# Data section

++++++++++

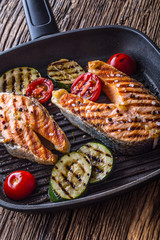 Salmon. Grilled fish salmon. Grilled  salmon steak in grill pan on rustic wooden table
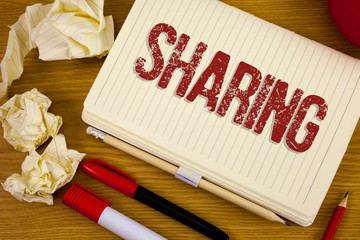 Conceptual hand writing showing Sharing. Business photo showcasing To Share Give a portion of...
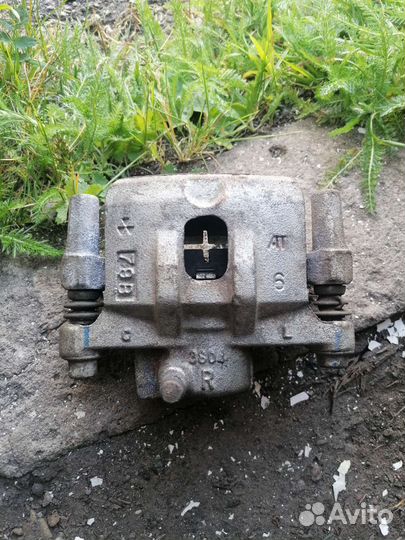 Суппорт mitsubishi лансер задний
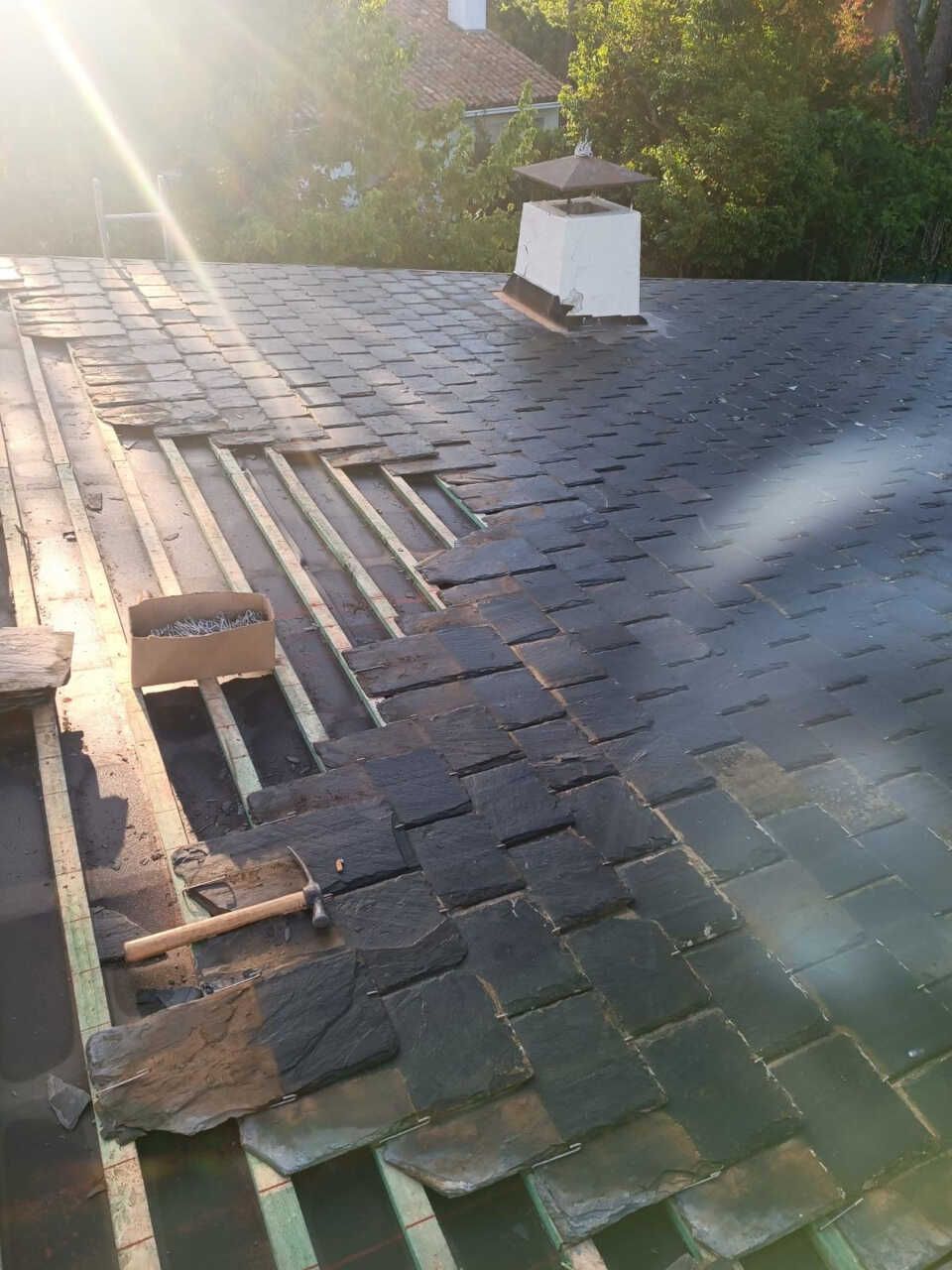Se está reparando un tejado con tejas de pizarra y una chimenea.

++++++++++

# Exercise description
When you write out the material above, keep every line exact and drop each picture.

# Exercise solution
 Salmon. Grilled fish salmon. Grilled  salmon steak in grill pan on rustic wooden table
 Conceptual hand writing showing Sharing. Business photo showcasing To Share Give a portion of...
 Суппорт mitsubishi лансер задний
Se está reparando un tejado con tejas de pizarra y una chimenea.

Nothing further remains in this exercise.